Here are some tests that satisfy the above conditions and determine whether the object you want to compare (called rval in the test) is equivalent to the current object:

  1. If rval is null, not equal
  2. If rval is this (you are comparing yourself with yourself), equivalence
  3. If rval is not the same class or its subclasses, it is not equal
  4. If all the above tests pass, you must decide which fields in rval are important (and consistent) and then compare them.

Java 7 introduces Objects classes to help with this process, which we can use to write a better equals() method

The following example compares different versions of Equality classes. To prevent duplication of code, we use the factory approach to build use cases. This EqualityFactory interface simply defines a make() method to generate EqualityObjects, so different EqualityFactories can generate different EqualitySubclasses:

// EqualityFactory.java
import java.util.*;

interface EqualityFactory {
  Equality make(int i, String s, double d);
}

Now we will define Equality, which contains three fields (which we think are all important in comparison) and the euqals() method to satisfy the four tests mentioned above.
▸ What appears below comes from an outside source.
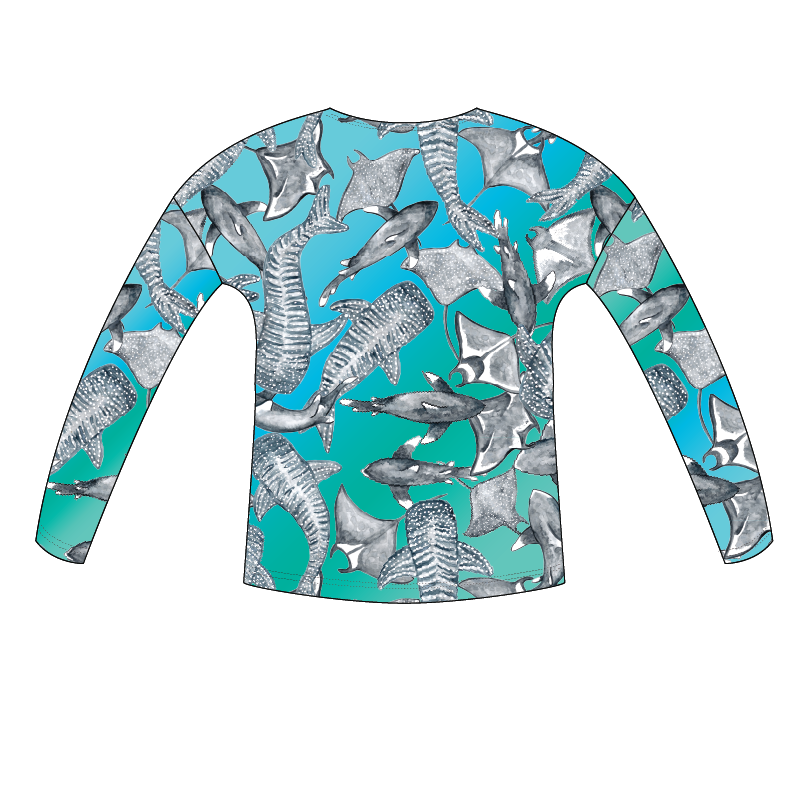 Sharks and Rays Womens Long Sleeve Scoop Neck Shirt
The constructor outputs the class name so that we can ensure that the type is correct when testing:

// Equality.java
import java.util.*;

public class Equality {
  protected int i;
  protected String s;
  protected double d;
  public Equality(int i, String s, double d) {
    this.i = i;
    this.s = s;
    this.d = d;
    System.out.println("made 'Equality'");
  }
  @Override
  public boolean equals(Object rval) {
    if(rval == null)
      return false;
    if(rval == this)
      return true;
    if(!(rval instanceof Equality))
      return false;
    Equality other = (Equality)rval;
    if(!Objects.equals(i, other.i))
      return false;
    if(!Objects.equals(s, other.s))
      return false;
    if(!Objects.equals(d, other.d))
      return false;
    return true;
  }
  public void
  test(String descr, String expected, Object rval) {
    System.out.format("-- Testing %s --%n" +
      "%s instanceof Equality: %s%n" +
      "Expected %s, got %s%n",
      descr, descr, rval instanceof Equality,
      expected, equals(rval));
  }
  public static void testAll(EqualityFactory eqf) {
    Equality
      e = eqf.make(1, "Monty", 3.14),
      eq = eqf.make(1, "Monty", 3.14),
      neq = eqf.make(99, "Bob", 1.618);
    e.test("null", "false", null);
    e.test("same object", "true", e);
    e.test("different type", "false", new Integer(99));
    e.test("same values", "true", eq);
    e.test("different values", "false", neq);
  }
  public static void main(String[] args) {
    testAll( (i, s, d) -> new Equality(i, s, d));
  }
}
/* Output:
made 'Equality'
made 'Equality'
made 'Equality'
-- Testing null --
null instanceof Equality: false
Expected false, got false
-- Testing same object --
same object instanceof Equality: true
Expected true, got true
-- Testing different type --
different type instanceof Equality: false
Expected false, got false
-- Testing same values --
same values instanceof Equality: true
Expected true, got true
-- Testing different values --
different values instanceof Equality: true
Expected false, got false
*/

The testAll() method performs comparisons with all the different types of objects we can think of. It uses factories to construct Equality objects.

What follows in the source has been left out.